На разломах бетховенских глыб — например, Allegretto из Седьмой симфонии — временами нет-нет, да сверкали, как крупинки кварца, минимальные «красавинские» примеси; слушать было приятно и очень интересно.

Оперный сезон вышел довольно занимательным, разнообразным по стилистике. Каждый из названных режиссеров предлагал свою модель театра. Някрошюс — условно-метафорическую, с «атмосферными» литовскими коннотациями («Макбет» Верди). Стуруа — помпезно-тяжеловесный натуралистичный театр, отсылающий к полузабытым матрицам позднесталинского «большого стиля» («Мазепа»). Замбелло… Впрочем, театральный стиль Франчески Замбелло внятному определению не поддается, ибо лишен сколько-нибудь заметных характеристических черт. Режиссерская индивидуальность Замбелло не так мощна, чтобы выстроить узнаваемый, особенный мир и создать свой, «именной» театр. Можно говорить о «театре Някрошюса» и о «театре Конвичного», но Замбелло — мастеровитый ремесленник, не стремящийся предложить уникальное, выстраданное и выношенное видение мира и собственный театральный язык.

Крупные режиссеры из спектакля в спектакль занимаются выращиванием «второй реальности»; так из сновидения в сновидение кочует небывалый город, со своими площадями, улицами и людьми, обрастая подробностями и деталями.
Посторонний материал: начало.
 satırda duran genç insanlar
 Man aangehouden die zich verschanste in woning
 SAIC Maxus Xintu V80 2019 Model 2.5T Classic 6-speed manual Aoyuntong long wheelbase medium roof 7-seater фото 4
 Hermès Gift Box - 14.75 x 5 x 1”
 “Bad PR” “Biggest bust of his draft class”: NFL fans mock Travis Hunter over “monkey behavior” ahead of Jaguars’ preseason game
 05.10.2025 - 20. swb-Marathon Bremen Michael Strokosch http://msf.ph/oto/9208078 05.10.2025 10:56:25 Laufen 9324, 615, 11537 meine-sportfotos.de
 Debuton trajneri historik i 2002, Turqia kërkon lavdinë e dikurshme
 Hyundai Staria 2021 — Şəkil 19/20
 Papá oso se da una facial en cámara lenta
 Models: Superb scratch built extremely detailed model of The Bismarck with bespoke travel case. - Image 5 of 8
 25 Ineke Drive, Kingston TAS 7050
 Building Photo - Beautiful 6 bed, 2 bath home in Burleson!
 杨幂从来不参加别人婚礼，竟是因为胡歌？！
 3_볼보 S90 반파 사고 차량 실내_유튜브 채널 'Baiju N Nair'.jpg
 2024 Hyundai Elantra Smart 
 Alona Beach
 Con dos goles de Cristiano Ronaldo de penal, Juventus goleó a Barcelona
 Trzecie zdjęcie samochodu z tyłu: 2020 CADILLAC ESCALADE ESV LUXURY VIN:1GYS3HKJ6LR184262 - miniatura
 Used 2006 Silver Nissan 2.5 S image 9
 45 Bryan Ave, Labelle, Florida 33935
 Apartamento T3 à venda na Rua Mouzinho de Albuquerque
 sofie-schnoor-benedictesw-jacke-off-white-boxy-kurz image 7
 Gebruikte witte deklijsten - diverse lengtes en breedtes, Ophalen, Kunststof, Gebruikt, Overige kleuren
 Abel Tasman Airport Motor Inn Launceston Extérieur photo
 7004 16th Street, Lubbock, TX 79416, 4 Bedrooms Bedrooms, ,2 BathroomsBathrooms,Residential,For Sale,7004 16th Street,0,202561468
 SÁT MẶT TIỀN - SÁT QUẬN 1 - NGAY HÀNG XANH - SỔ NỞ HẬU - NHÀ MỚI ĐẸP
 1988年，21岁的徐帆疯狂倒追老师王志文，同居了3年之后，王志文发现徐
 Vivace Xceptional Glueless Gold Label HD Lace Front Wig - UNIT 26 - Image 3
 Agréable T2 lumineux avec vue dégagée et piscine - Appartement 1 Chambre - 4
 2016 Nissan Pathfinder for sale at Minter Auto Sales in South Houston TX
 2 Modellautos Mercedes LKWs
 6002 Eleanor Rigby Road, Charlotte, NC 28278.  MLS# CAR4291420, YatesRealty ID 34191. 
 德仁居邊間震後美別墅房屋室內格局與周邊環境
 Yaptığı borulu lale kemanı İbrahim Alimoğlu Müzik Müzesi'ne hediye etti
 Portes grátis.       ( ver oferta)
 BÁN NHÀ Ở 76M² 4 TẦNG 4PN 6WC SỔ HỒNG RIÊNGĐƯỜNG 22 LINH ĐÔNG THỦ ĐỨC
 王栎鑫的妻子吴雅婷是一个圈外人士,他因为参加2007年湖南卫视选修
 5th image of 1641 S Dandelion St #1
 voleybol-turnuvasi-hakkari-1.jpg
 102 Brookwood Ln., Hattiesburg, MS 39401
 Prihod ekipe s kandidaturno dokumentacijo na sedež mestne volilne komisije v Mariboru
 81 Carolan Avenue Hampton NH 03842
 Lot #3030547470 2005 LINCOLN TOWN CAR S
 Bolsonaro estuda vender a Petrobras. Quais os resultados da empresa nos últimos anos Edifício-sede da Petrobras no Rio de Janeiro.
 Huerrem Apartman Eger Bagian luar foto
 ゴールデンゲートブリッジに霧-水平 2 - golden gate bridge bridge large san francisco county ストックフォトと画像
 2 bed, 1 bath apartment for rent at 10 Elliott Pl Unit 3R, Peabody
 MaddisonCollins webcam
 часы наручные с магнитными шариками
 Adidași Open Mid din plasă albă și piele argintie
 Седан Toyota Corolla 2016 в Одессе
Замбелло таким «строительством» не озабочена; она деловито кроит мизансцены, заботясь о психологическом правдоподобии, и более-менее точно следует либретто, придумывая порой довольно изобретательные «разводки» (как в «Турандот»). Однако в «Огненном ангеле» ее метод буксует. Тут нужен точный исследовательский инструмент, режиссерский скальпель, вскрывающий мистическую подоплеку оперы, обнажающий взаимосвязь различных пластов реальности, прорастающих друг в друга. Требуется специфический театральный прием, спонтанно возникающий из самой плоти оперы Прокофьева; его Замбелло так и не нашла.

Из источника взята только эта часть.